Gareth, our protagonist in this one man play, is the classic beta male beloved of British sitcoms like Dear John and Ever Decreasing Circles. He’s the small man, the man for whom life hasn’t rolled easy, the man always on the receiving end. Here, in an excellent portrayal by Tommy Burgess, he hits you like Leonard Rossiter playing Tim from The Office. His boss’s name, Derrick Wentworth, and the company he works for, Prime Travels, only add to this vibe. It does make the play quite difficult to locate in time, though. With Gareth’s clothes and ‘tache taken into account as well, you’d think we were in the 70s, if it weren’t for the laptops and online gambling sites. Gareth also looks older than his years and is hard to place. He could be anything from a prematurely aged 20-something to a middle-aged mummy’s boy.

We soon learn of the sadnesses in Gareth’s life – he’s been sacked, and his Dad’s no longer with us. At first, the gambling seems a positive distraction from that. His gambling strategy he got from his Dad, and he’s positive that if he sticks with it, fortune will soon come his way. Unfortunately, that single-mindedness is a common characteristic of both very successful gamblers, the handful that there are, and the doomed addicts who will follow their belief off a cliff. It emerges just how linked all the aspects of Gareth’s life are, and credit is due to writer Martin Brett not only for his insight into the gambling mentality, but the subtlety with which it is introduced.

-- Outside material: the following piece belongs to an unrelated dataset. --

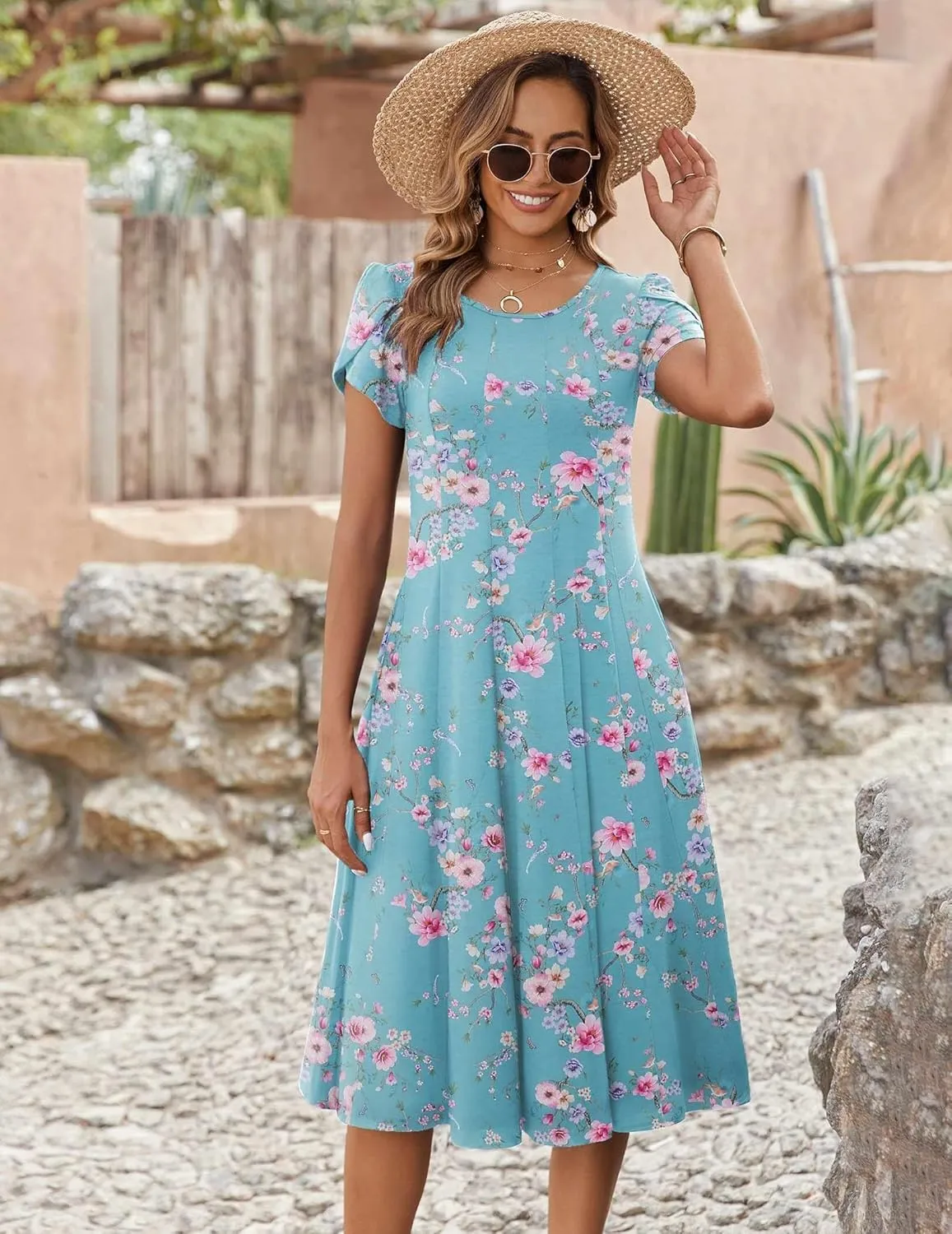 Zeagoo Womens Casual Dresses for Summer Short Sleeve Flare Midi Dress Loose Flowy Beach Sundress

Equally of note is Nicola Ralph’s design and Liz Bacon’s direction. The deceptively simple set is made from office packing boxes, but very clever use is made of them. The contents double as both physical objects and Gareth’s mental clutter. Frequently, Gareth will unveil something from them. From beneath the lids, he unravels hand-drawn pictures of “friends” from the bookies at one point; othertimes the boxes are spilt to send poker chips scattering across the stage. It all feels very natural, and the metaphor of his disintegrating life isn’t hammered home, even as the set becomes increasingly chaotic.

There probably isn’t time in the forty minutes to trace the full extent of a problem gambler’s self-deceptions. The occasional euphoria is underplayed, and the play covers many different types of gambling – horses, online poker, fruit machines – in brief bursts, without lingering quite long enough to capture the full dead-eyed, hollowed-out, repetitive horror of a man churning a month’s rent into a machine. We get flavour enough though.

Then, just as you’re wondering where the tension and resolution is going to come in this otherwise very affecting character study, a dark twist hits you out of nowhere. Even having watched Gareth falling apart, it’s a surprise, but a well-considered one, that it comes to the end it does.

There is much to admire about this well-crafted play, where writing, acting, design and direction come together in a very satisfying manner for an interesting purpose. Tantalisingly though, it feels there could be even more to say if it were longer.